En otros casos, chicos que ya se han convertido en mimados, o que van camino de ello, se dan cuenta de que, al ingresar en el colegio, se encuentran inermes ante los demás y se despierta en ellos el instinto de lucha del que parecía que carecían, al mismo tiempo que caen en la cuenta que el mundo, aunque sea un mundo tan reducido como es el colegio, no gira en derredor de ellos. Ésta es la causa de que el excesivo mimo constituya una de las pocas indicaciones de internamiento de niños en colegios, fuera del alcance de unos padres que no saben educar.

De todas maneras, hay que ser muy cauto para no caer en exageraciones, como la que ha aparecido recientemente en la prensa, en la que un matrimonio sueco había perdido la custodia de un hijo «retirándole de su hogar» por mimarle demasiado. Esta medida me parece desorbitada y constituye una brutal intromisión del Estado en la familia.

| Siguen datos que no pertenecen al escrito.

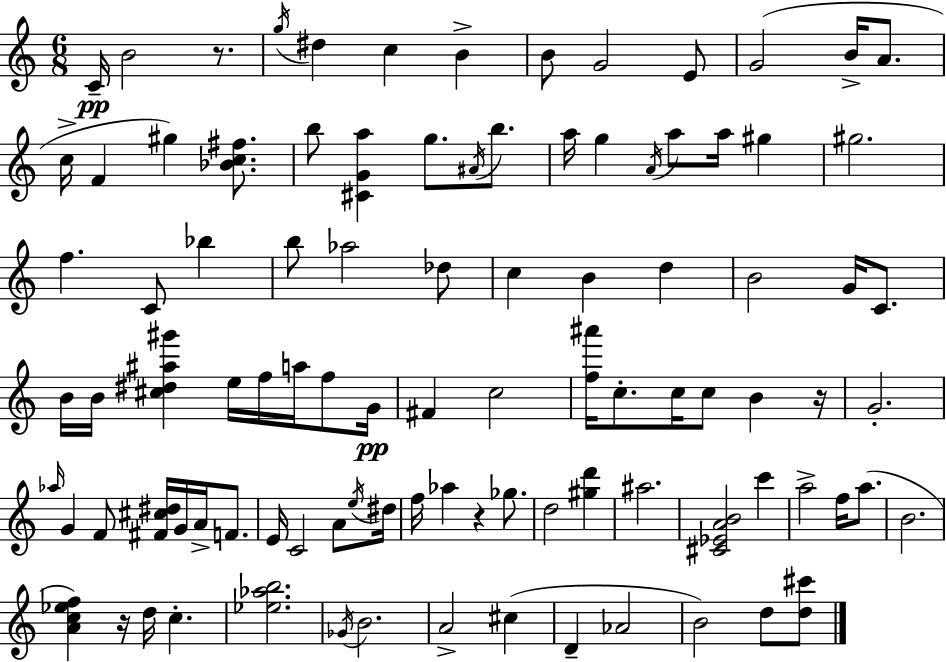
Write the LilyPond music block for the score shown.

{
  \clef treble
  \numericTimeSignature
  \time 6/8
  \key a \minor
  \repeat volta 2 { c'16--\pp b'2 r8. | \acciaccatura { g''16 } dis''4 c''4 b'4-> | b'8 g'2 e'8 | g'2( b'16-> a'8. | \break c''16-> f'4 gis''4) <bes' c'' fis''>8. | b''8 <cis' g' a''>4 g''8. \acciaccatura { ais'16 } b''8. | a''16 g''4 \acciaccatura { a'16 } a''8 a''16 gis''4 | gis''2. | \break f''4. c'8 bes''4 | b''8 aes''2 | des''8 c''4 b'4 d''4 | b'2 g'16 | \break c'8. b'16 b'16 <cis'' dis'' ais'' gis'''>4 e''16 f''16 a''16 | f''8 g'16\pp fis'4 c''2 | <f'' ais'''>16 c''8.-. c''16 c''8 b'4 | r16 g'2.-. | \break \grace { aes''16 } g'4 f'8 <fis' cis'' dis''>16 g'16 | a'16-> f'8. e'16 c'2 | a'8 \acciaccatura { e''16 } dis''16 f''16 aes''4 r4 | ges''8. d''2 | \break <gis'' d'''>4 ais''2. | <cis' ees' a' b'>2 | c'''4 a''2-> | f''16 a''8.( b'2. | \break <a' c'' ees'' f''>4) r16 d''16 c''4.-. | <ees'' aes'' b''>2. | \acciaccatura { ges'16 } b'2. | a'2-> | \break cis''4( d'4-- aes'2 | b'2) | d''8 <d'' cis'''>8 } \bar "|."
}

Hay padres que tienen más probabilidades de hacer de sus hijos unos niños mimados. Son casos que podríamos denominar de «familias de riesgo», y entre ellos tenemos los de los padres a los que les cuesta romper el «cordón umbilical psicológico» que les une a los hijos, aun cuando tengan ya diez o doce años; los que consideran al hijo como una propiedad exclusiva al que hay que aislar de todo contacto exterior; los que tienen los hijos, generalmente el hijo, cuando ya son un poco mayores y son mitad padres y mitad abuelos, y ya sabemos lo que miman éstos a sus nietos; y los que tienen algún hijo con algún tipo de inferioridad física o psíquica.

En otras ocasiones lo que sucede es que los padres son personas inseguras, ansiosas u obsesivas que hiperprotegen a los hijos para librarles de males que, en la mayoría de los casos, son imaginarios. Peor aún es cuando el hijo se convierte en el «único objeto amoroso» de los padres, por desplazamiento hacia él de una afectividad que no se satisface de otro modo por malas relaciones matrimoniales o simplemente porque, por divorcio o muerte, la relación afectiva se hace un dúo, cuando debería ser un trío o, mejor aún, un pequeño coro. También puede darse en los casos en los que se da la muerte prematura de alguno de los hijos y los padres, consciente o inconscientemente, se sienten culpables e hiperprotegen a los demás hijos.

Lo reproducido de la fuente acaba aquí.